<= 2003.07.01

2003.07.23 =>

what we have wrought

Now the white-collar jobs are moving offshore. What are Americans even qualifed for these days? Oh right, focus groups.

How, in my survey of British books for the kiddies, could I have forgotten the great absurdist works of Norman Hunter, whose life spanned nearly the entire twentieth centiry? He wrote several story collections featuring the royal family of Incrediblania, all of which are sadly underdocumented on Amazon; about the only info I could find was this bizarre site from South Africa encouraging children to interpret the stories in an Islamic context.

1. Compile a list of the different types of Fortune Tellers, Witchdoctors etc. and the nature of their work.
2. Refer to the Holy QurÂ’aan and the Hadith and the Sirah for the Islamic viewpoint of Fortune Tellers, wizards etc.
3. Speak to your local Imam about this topic.

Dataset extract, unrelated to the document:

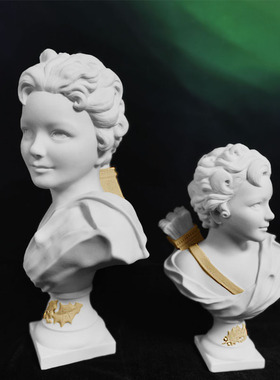 欧式人物砂岩雕塑摆件样板房间酒店卧室客厅少女丘比特头像装饰品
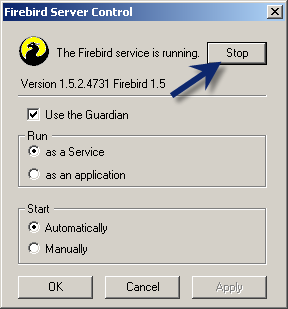 Logo clique sobre Stop e na seqüência clique Start, assim o firebird reconhecerá a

In any case, Hunter is best known for The Incredible Adventures of Professor Branestawm (first published 1933) and its sequels. It's hard to pick just one representative passage, but as a sample one might try "The Professor Sends An Invitation," in which the professor, being absent-minded and all, accidentally posts blotting-paper instead of a letter to his friend the Colonel, and subsequently is unable to decipher it:

"Well, well, well," said the Professor, shaking his head from side to side, and scattering his five pairs of spectacles all over the place as he walked into his house with the Colonel. "This is a mysterious business is this, this is it is, isn't it? I can understand your getting a letter by post and not being able to read it, because of it being written in fearfully bad writing, but then you would be sure to be able to read just a word here and there, so this isn't that. Then I can understand your getting a letter by post written in some strange sort of language you couldn't understand, because it might have come to you by mistake instead of going to the strange sort of person it was meant for. But this isn't that either, because I can read at least some of all strange sorts of language and I can't read any of this one except the full stops, and they may be commas when they're translated."

"Yes," said the Colonel, who'd thought all that out by himself but didn't like to say so in case it sounded like swank. "But this letter didn't come by post. It was just there when I woke up, and goodness knows why. It can't be a warning from a secret society who're going to do something nasty to me, because they wouldn't send a warning I couldn't read."

"Perhaps they did though," said the Professor, brightening up. "Perhaps they wrote the warning in words that don't exist just to make it harder so that you couldn't read them and couldn't do what they're warning you to do so they'd be sure to be able to do something nasty to you. Secret sort of societies like doing nasty things to people, I believe."

"Oo-er," thought the Colonel, but he was far too military to say it. The inside of him began to feel rather funny, as if he'd eaten too much plum pudding, or not enough porridge, or the wrong sort of mushrooms.

Just then came a loud tap at the door. The Colonel grasped the Professor's hand with one hand and the poker with the other. If this was the secret sort of society come to do something nasty to him he would at least show them the sort of stuff the Catapult Cavaliers were made of. Not that he knew exactly what they were made of, though the Professor most certainly did. But what did that matter when secret societies were at the door?

Tap, tap, tap.

"C-c-c-c-c-come i-i-i-i-n-n-n," stammered the Professor, feeling all nervous, not because he thought it was the secret society, but because he thought the Colonel had gone a bit silly and was going to hit him with the poker.

According to Penguin, in later years Norman Hunter became obsessed with putting on operas in a scale model of the Drury Lane Theatre.